Not surprisingly, the well-equipped Swiss Champ XXL will set you back $US316 ($407), which is expensive but slightly easier to stomach given Victorinox’s tools come with a lifetime warranty. Where spending that much money on a pocket knife becomes problematic is when you’re headed to the airport at the crack of dawn to catch a flight and completely forget you had it in your pocket as you pass through the TSA security checkpoint. At that point, your options are to either miss your flight or surrender the contraband — and most choose the latter, having to bid a sad goodbye to a fancy lighter, or pocket knife they’ve faithfully carried for years.

Airport security isn’t going to change its policies on bringing dangerous items onto a plane, so why haven’t airports capitalised on the situation by putting small shipping booths at security checkpoints where travellers are given a third option: sending their contraband items back home in the mail with a heavy markup?

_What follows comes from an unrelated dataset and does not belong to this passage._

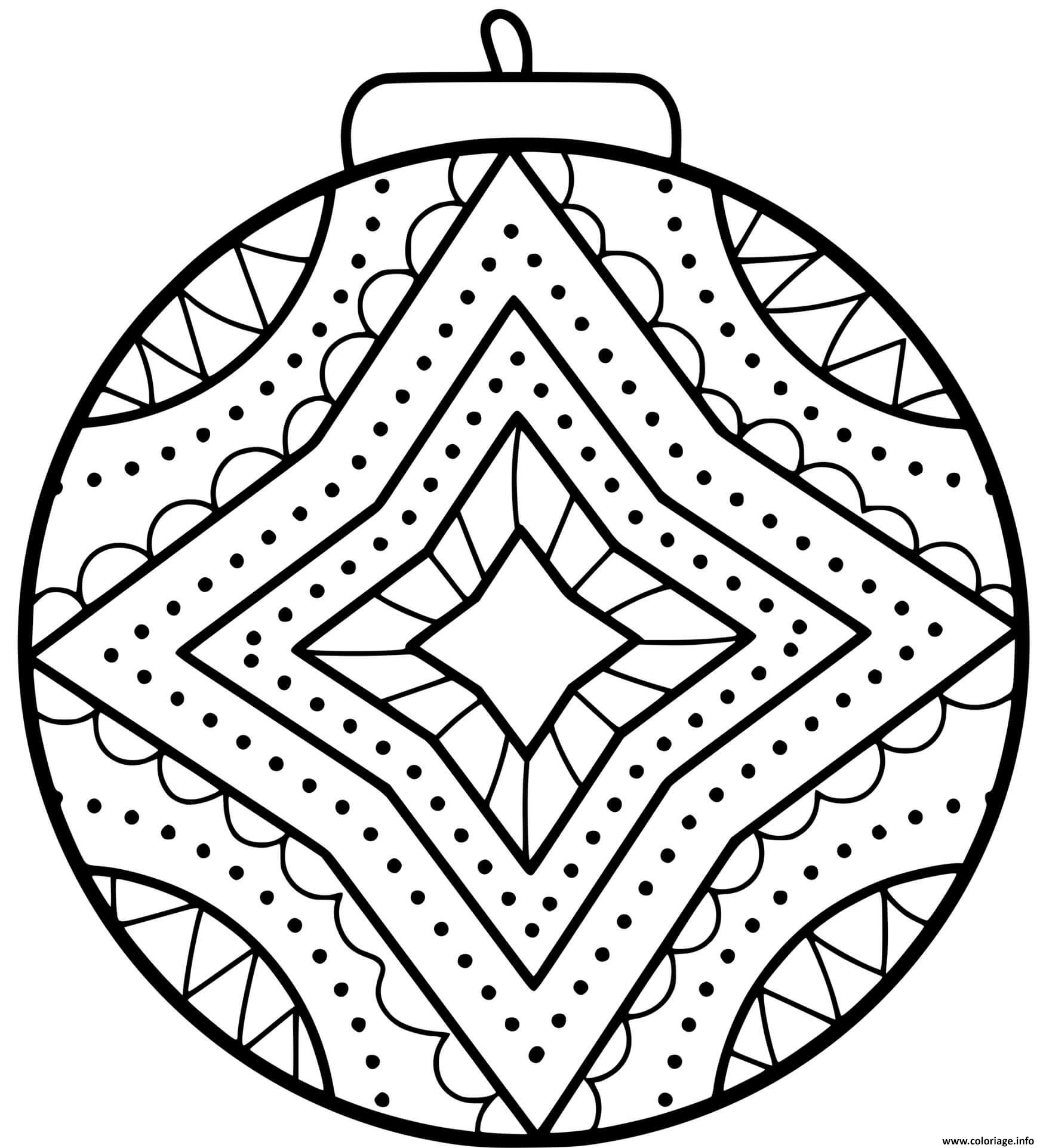 Dessin magnifique boule de neige mandala pour noel Coloriage Gratuit à Imprimer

It’s not an entirely new idea, companies like Airport Mailers do the exact same thing at various airports around the United States, sending small contraband items to any mailing address around the world for a hefty fee. But its kiosks are situated in the lobby of airports and are usually used by travellers with the foresight to empty their pockets before they pass through security. After spending hours shuffling through check-in lines, security lines, and often international customs lines, most travellers, when confronted by agents, would rather say goodbye to a contraband item than return to an airport’s lobby to mail it home and then have to battle all those lines again.

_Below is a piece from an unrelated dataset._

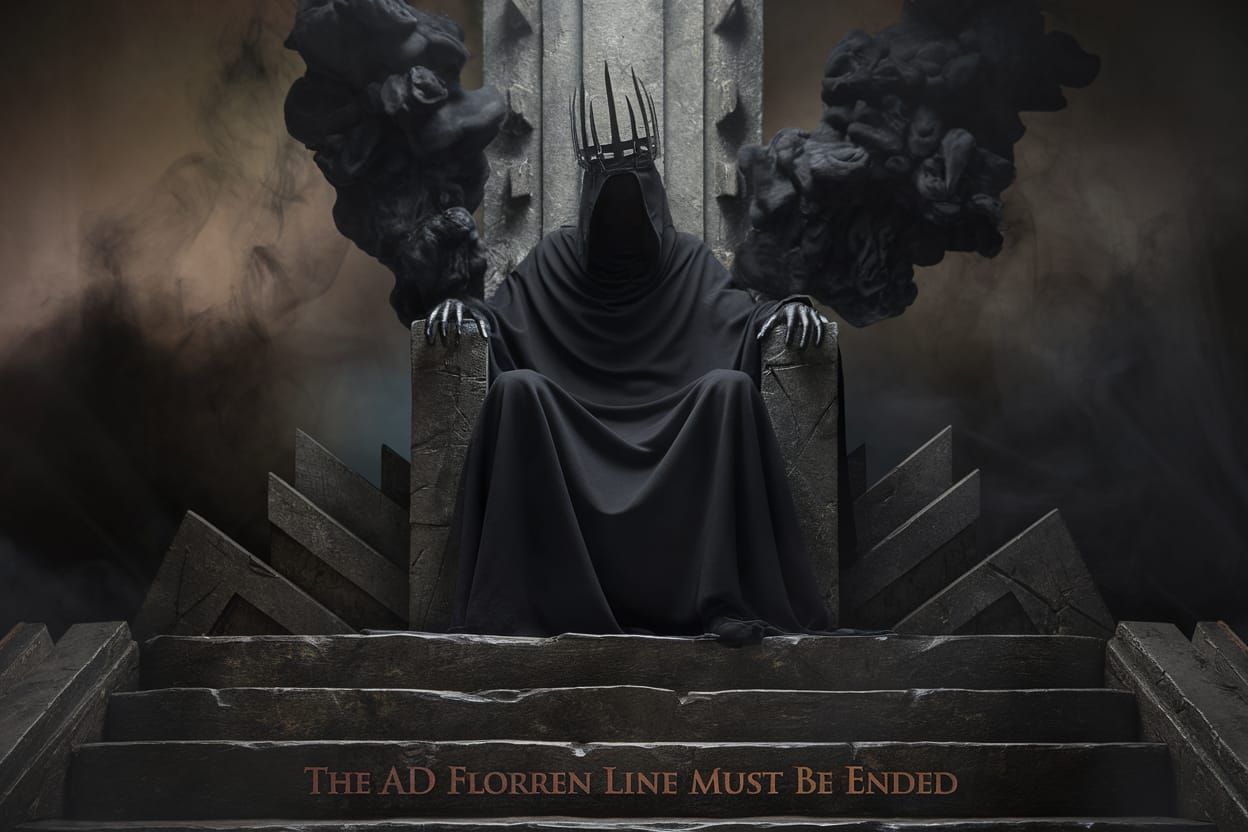 Shadowy Figure on Stone Throne in Dreary Light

So why not offer that service right at the security checkpoint? Airports could partner with well-established shippers and split the revenues. Many travellers would happily pay a premium to ship a beloved item back home (like a pocket knife passed down from a parent) instead of surrendering it, with the added peace of mind of knowing it was in the hands of a reputable shipper. There could even be size limits on what could be sent home so an entire shipping store wouldn’t be needed on-premises. Did you forget to take that chainsaw out of your carry-on? Sorry, that’s on you.

There are thousands of products and services that already capitalise on human forgetfulness that we happily embrace, I can’t see why airports don’t cash in on it too.